6. “While our [escrow] cases have dealt largely with instruments for the conveyance of land (see Wheelwright v. Wheelwright, 2 Mass. 447, 453; Foster v. Mansfield, 3 Met. 412, 415), the term [escrow] has long been commonly used ‘with respect to all written instruments as well as to the deposit of money.’ Gulf Petroleum, S .A. v. Collazo, 316 F.2d 257, 261 (1st Cir. ). See Oppenheim v. Colten, 291 Mass. 234.” Childs v. Harbor Lounge of Lynn, Inc ., 357 Mass. 33, 35 (1970). See Daggett v. Simonds, 173 Mass. 340, 348 (1899) (“The doctrine in regard to the delivery of deeds in escrow is generally held applicable to promissory notes, and there is no good reason why it should not be”).
7. At the time Matter of Newcomb, supra, was decided, the definition of transfer was found at 11 U.S.C. § 101(40).
8. To the extent that Gladstein v. Martorella, 75 A.D.3d 465(N.Y.App.Div.2010) holds that mere physical possession of funds in escrow constitutes a transfer within the meaning of UCC § 9–332, we agree with the dissent in that case that a judgment creditor remains a claimant, not a transferee. (Nardella, J. dissenting). For similar reasons, we find the analysis in Bank of R.I. vs. Mixitforme, Inc., Superior Ct. of R.I., C.A., No. PM 06–1626 (Jan. 11, 2007), to be unpersuasive. In light of our disposition here, we need not reach the question whether a judgment creditor may be considered a transferee. See Orix Financial Servs., Inc. v. Kovacs, 167 Cal.App.4th 242, 250 (2008).
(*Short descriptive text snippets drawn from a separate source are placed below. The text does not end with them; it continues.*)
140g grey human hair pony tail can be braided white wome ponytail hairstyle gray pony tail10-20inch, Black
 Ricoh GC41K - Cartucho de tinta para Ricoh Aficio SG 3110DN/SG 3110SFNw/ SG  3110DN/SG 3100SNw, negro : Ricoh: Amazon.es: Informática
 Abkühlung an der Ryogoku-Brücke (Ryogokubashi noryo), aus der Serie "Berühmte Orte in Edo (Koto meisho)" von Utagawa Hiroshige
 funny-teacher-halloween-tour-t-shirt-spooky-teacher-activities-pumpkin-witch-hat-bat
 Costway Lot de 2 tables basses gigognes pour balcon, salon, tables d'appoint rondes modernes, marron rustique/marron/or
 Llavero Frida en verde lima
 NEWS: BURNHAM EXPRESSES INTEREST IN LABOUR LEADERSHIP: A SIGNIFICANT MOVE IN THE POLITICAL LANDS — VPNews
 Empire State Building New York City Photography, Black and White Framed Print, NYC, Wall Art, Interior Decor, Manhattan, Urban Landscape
9. Consideration of the common law of escrow is appropriate in limning the contours of the UCC. “Unless displaced by the particular provisions of this chapter, the principles of law and equity ․ [shall] supplement its provisions.” G.L. c. 106, § 1–103(b) (2013).
10. There is one exception for “bad actors” who act in collusion with the debtor. See comment 4 to UCC § 9–332, 3 U.L.A. 378 (Master ed.2010). As previously noted, supra at 4, no claim of collusion has been made here.
11. This scenario is yet another reason why UCC § 9–332 should not be construed to apply to a purely equitable, conditional, interest in an escrow account.
12. This statute was amended as of July 1, 2013. See St.2013, c. 30, § 2. In the earlier version, this language appeared at G.L. c. 106, § 1–102(2)(b).